Rice and beans are the foundation of most Costa Rican meals. At breakfast, they’re paired with eggs or meat and called gallo pinto (which means “spotted rooster” in Spanish, a reference to the speckled appearance of the rice after it’s cooked with beans). At lunch or dinner, the rice and beans are usually part of a casado. Casados generally consist of a small salad, beef, fish or chicken, fried plantains, rice, and beans. Casado, which translates literally as “marriage,” is a reference to the marriage of different ingredients included in this meal.
Both gallo pinto and casados are known as comida típica (“typical food”). You’ll find similar offerings across Costa Rica, especially at local restaurants called sodas. Sodas serve low-cost, home-styled meals.
Browsing a Costa Rican menu, you’re likely to come across several arroz (rice) dishes. Most often, the rice is fried and offered with pollo (chicken) or gambas (shrimp). Gallos – tortillas stuffed with meat, cheese, or beans – are quite popular as well, as are empanadas, tamales, and tortas (sandwiches on buns).
Vegetables and Fruit
Vegetables are usually offered as part of a side salad, which often includes shredded cabbage, tomatoes, and carrots. A larger option is the palmito, a salad made from the stalk of small palm trees and mixed with other veggies. Stews often incorporate vegetables too—you might try a side dish like the picadillo, which is made from the puree of vegetables and mixed with a little meat.
Corn is used extensively, usually in the form of tortillas or pancakes, although you’ll sometimes find it as corn on the cob. Plantains, although technically a member of the fruit family (they’re a relative of bananas), behave like vegetables in Costa Rica. Known as plátanos, these are usually fried, sprinkled with salt, and served on the side. Yuca (also known as cassava) is another starchy root vegetable that is served frequently.
Costa Rica has an abundance of tropical fruit. The most common are mangoes, papayas, pineapples, bananas, and melons. Many are served in refrescos, drinks that blend fruit, water and ice.
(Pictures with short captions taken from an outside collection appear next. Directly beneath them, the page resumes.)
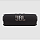 Caixa de Som JBL Flip 7 Preto - Imagem 1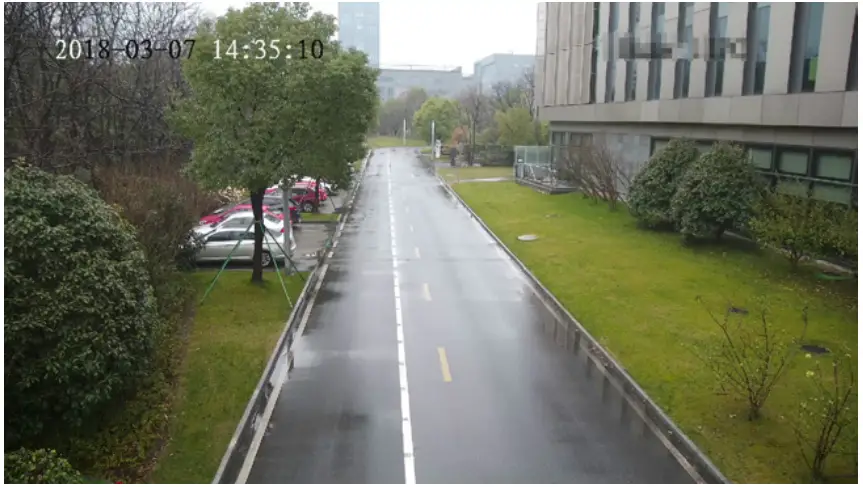 Huawei 7 Inch PTZ Dome Software Defined Camera 7 - Verifying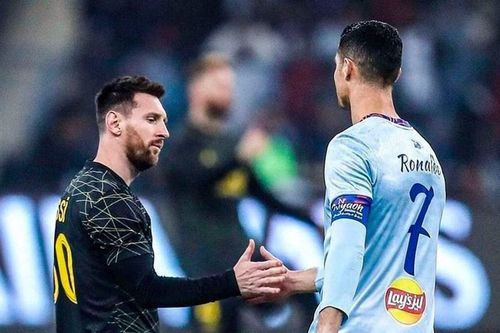 Ronaldo, Messi có tên trong đội hình hay nhất lịch sử bóng đá thế giới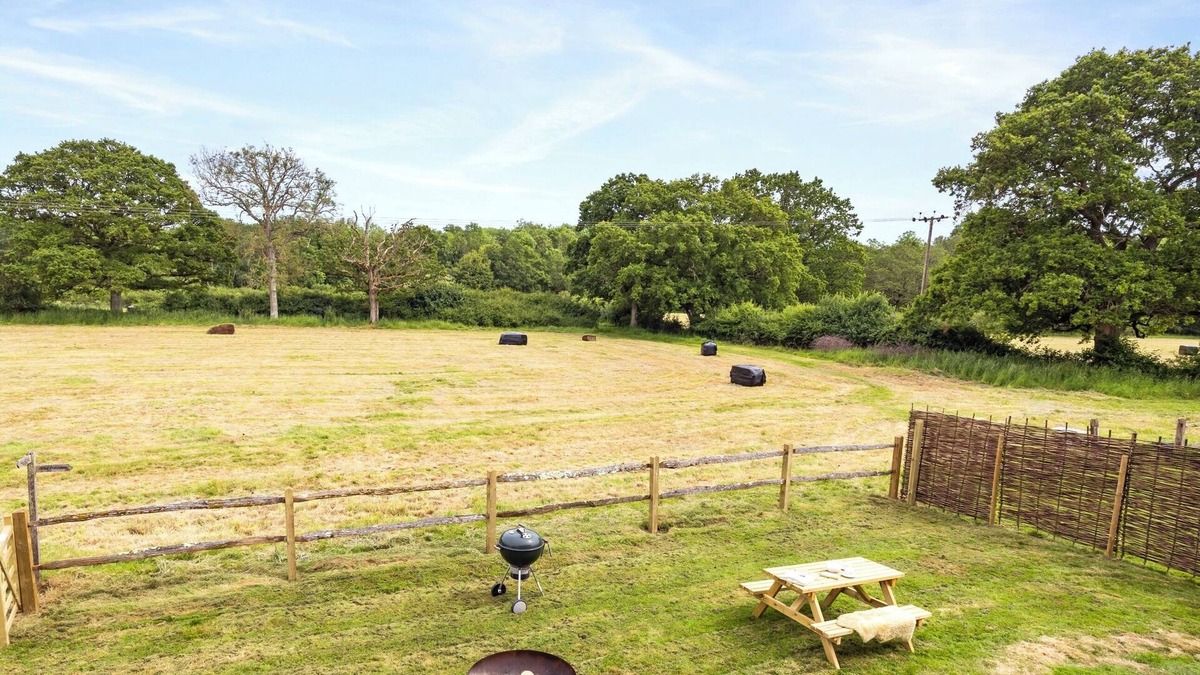 West Grinstead Apartment | Deer View - luxury rural property with breathtaking views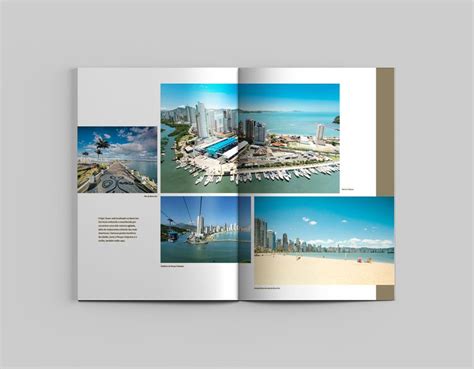 Logotype And Product Brochure Designed For A High End Real Estate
Other fruits that you may come across in Costa Rica include granadilla (passion fruit), aguacates (avocados), guayaba (guava), carambola (star fruit), and marañón (fruit of a cashew tree).
In coastal areas, you’ll see roadside vendors selling green coconuts, or pipas. These are filled with coconut water. The vendor will usually cut the top off with a machete and stick in a straw. Pipas are cheap and refreshing.
Meat and Seafood
Cattle are plentiful in Costa Rica and so is beef. You’ll find beef in most restaurants, offered either as steaks or as part of a stew. A typical local dish called olla de carne, which includes a beef broth, meat, root vegetables and corn, is quite popular. Chicken and pork are roasted and usually very tasty.
Costa Rica is bordered by both the Pacific Ocean and Caribbean Sea. Not surprisingly, there is an abundance of seafood offered throughout the country. Corvina (sea bass) is the most common and is served fried, grilled, or as ceviche (raw fish marinated in lemon juice, onions, and cilantro). You may also find tuna, dorado (mahimahi), swordfish, and pargo (red snapper). Shrimp and lobster are offered in some areas as well.
There is no shortage of sweets in Costa Rica. Tres leches cake, queque seco (similar to pound cake), and flan are some of the most common. You’ll also find sweet breads, cookies, ice cream, candies, and fudge. Many desserts are made with raw sugar and condensed milk.